Au-delà de la problématique de la sécurité qui tient beaucoup à cœur les Saoudiens, nos sources indiquent que le royaume saoudien n’apprécierait que très modérément - bel euphémisme que de parler ainsi-, les relations économiques et diplomatiques de tout premier plan que le Sénégal tisse avec les petits émirats du golfe : Dubaï et autres. L’activisme du Sénégal dans ces petits Etats, laisserait aux Saoudiens le sentiment que le sommet est d’abord, du point de vue des Sénégalais, l’affaire de ces miniscules Etats, avant d’être la sienne propre. Cela est inacceptable pour les « amis » saoudiens , même si la puissance économique et diplomatique de ces pays, tant courtisés par les responsables de l’Agence nationale en charge de l’organisation de la conférence islamique, s’affirme de plus en plus au sein de la Umma. L’Arabie Saoudite a toujours considéré que l’Oci est sa propre chasse gardée.

Les Saoudiens tiendraient alors rigueur au Sénégal qui semble l’échanger contre les pays du golfe et leurs pétrodollars. A ce sujet, un haut fonctionnaire des Affaires étrangères, indique sur un ton dépité : « Sur la route du sommet on a conduit la diplomatie du pays avec un certain amateurisme. On a écarté les rouages et circuits du ministère, en privilégiant l’amateurisme des novices en diplomatie qui fanfaronnent dans l’Agence nationale de l’Organisation de la Conférence Islamique. J’ai envie de leur dire que l’Oci, ce n’est pas une entreprise, encore moins une affaire à fructifier comme si on jouait en bourse.

Je souhaite que tout rentre dans l’ordre avec la visite du chef de l’Etat en Arabie Saoudite, mais je suis plutôt gagné par le doute et le pessimisme. » En tout état de cause, le sommet de Dakar pourrait se retrouver rapidement dans l’impasse, tant les réticences saoudiennes, quant à son maintien à date prévue, sont fortes et inquiètent sérieusement le Sénégal. Le voyage du président Wade en Arabie Saoudite s’imposait. Elle ne s’inscrit pas, quoique qu’on voudra demain nous faire croire à ce sujet, dans le cadre d’une simple visite d’Etat ou privée. Tant s’en faut ! Celle-ci devrait être entièrement consacrée au règlement des difficultés. Les Saoudiens ne sont pas prêts à lâcher sur les questions de sécurité. Ils se montreront intraitables, car selon eux, les travaux qui se déroulent dans la capitale sénégalaise empêchent les responsables de la sécurité des pays hôtes de travailler dans les meilleures conditions, pour mettre en place et tester à temps des systèmes de sécurité fiables, compte tenu des risques élevés d’attentats résultants des menaces de la branche d’Al Qaida du Maghreb.

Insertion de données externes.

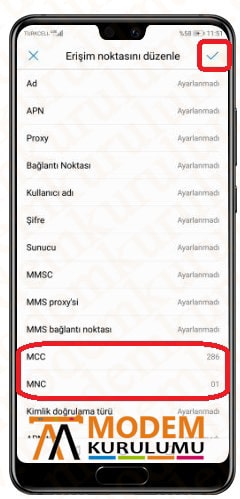 Huawei P20 İnternet Ayarları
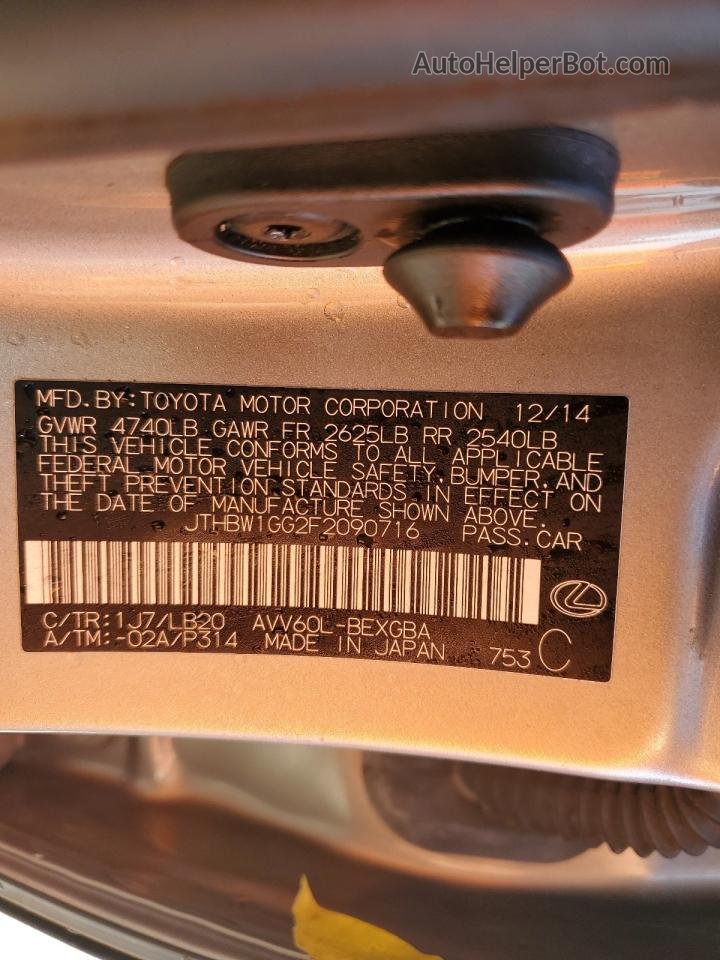 2015 Lexus Es 300h Silver vin: JTHBW1GG2F2090716
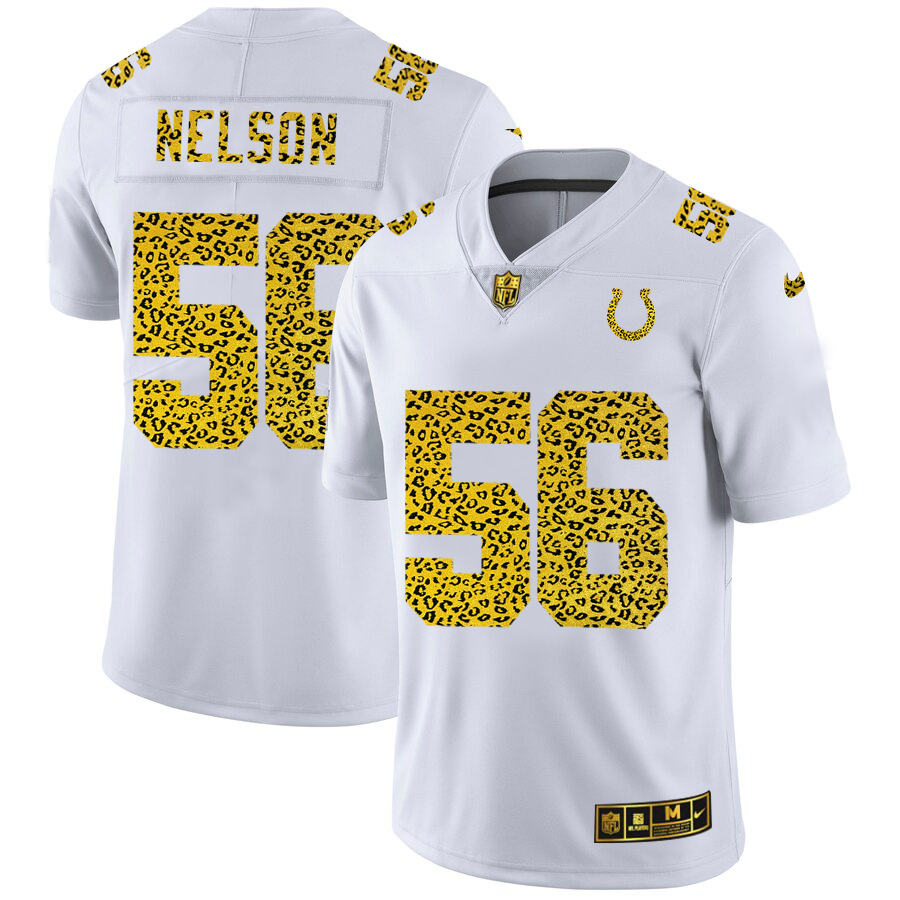 Indianapolis Colts #56 Quenton Nelson Men's Nike Flocked Leopard Vapor Limited NFL Jersey White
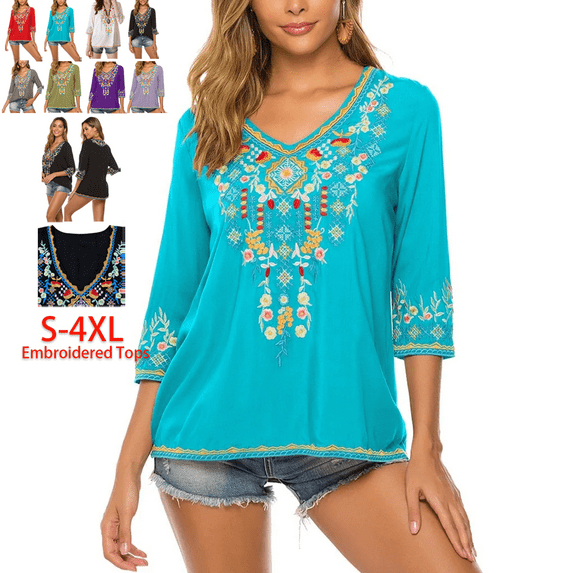 Higustar Womens Plus Size Tops 3/4 Sleeve V Neck Tunic Shirts Casual Floral Embroidered Loose Summer Fall Blouses Mexican Peasant Cotton Rayon Shirts-054-Blue/H-2XL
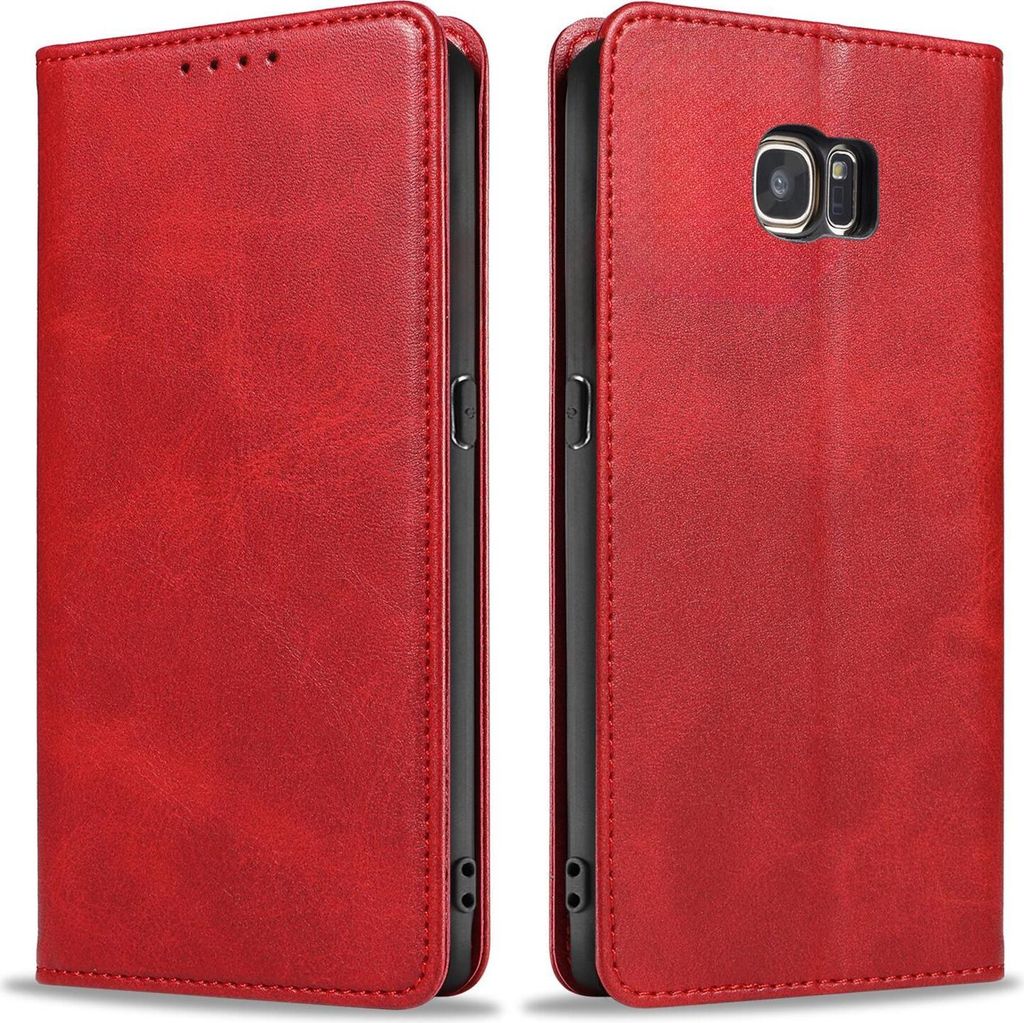 Handyhülle für Samsung Galaxy S7 Edge Kunstleder Flip Cover Hülle Handytasche Case Kartenfach Farbe: Rot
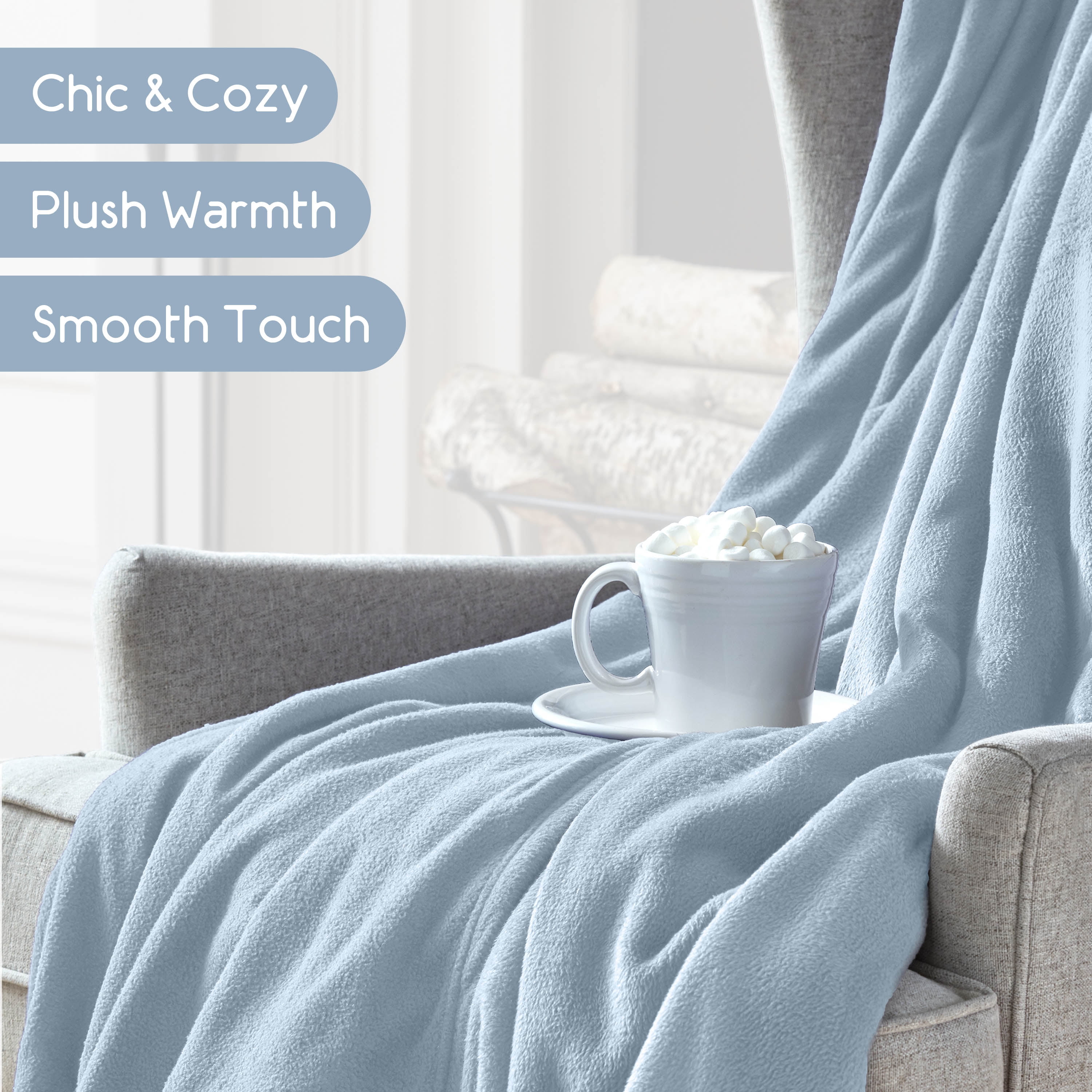 Soft All-Season Microfleece Bed Blanket – Lightweight Cozy Throw – King Size – Blue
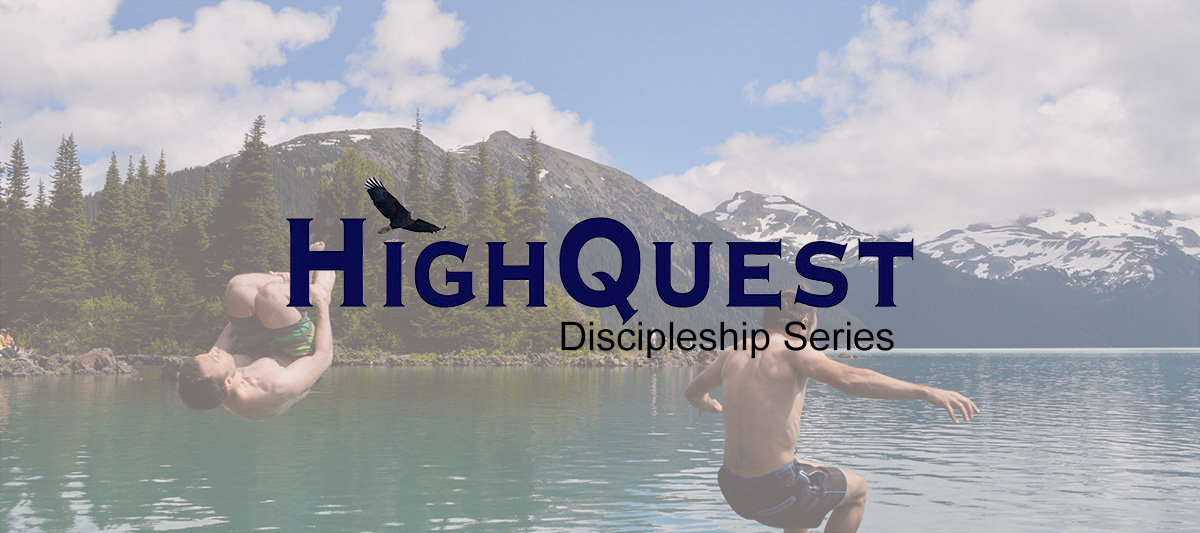 HighQuest Discipleship Series text on top of two men doing the cannon ball into a lake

Le Sénégal tentera de démontrer devant la partie saoudienne que l’affaire est largement jouable dans les délais prévus et que le pays est prêt à faire face. Une objection de taille lui sera cependant opposée : les infrastructures prévues pour l’accueil des hôtes du sommet, de même que les plans architecturaux et la configuration des différents parcours empruntés par les participants au sommet, dans la ville de Dakar, pour se rendre sur le site de la Conférence, devaient être livrés aux responsables chargés d’élaborer les plans de sécurité, au moins trois avant la date d’ouverture du sommet. De même, le lieu qui va accueillir le sommet devait être également laissé entre les mains de la sécurité dans un délai raisonnables de deux mois avant le début de mars. Pour toutes ces raisons, beaucoup de pays arabes, en particulier ceux du Golfe, se montrent très préoccupés par cette problématique de la sécurité.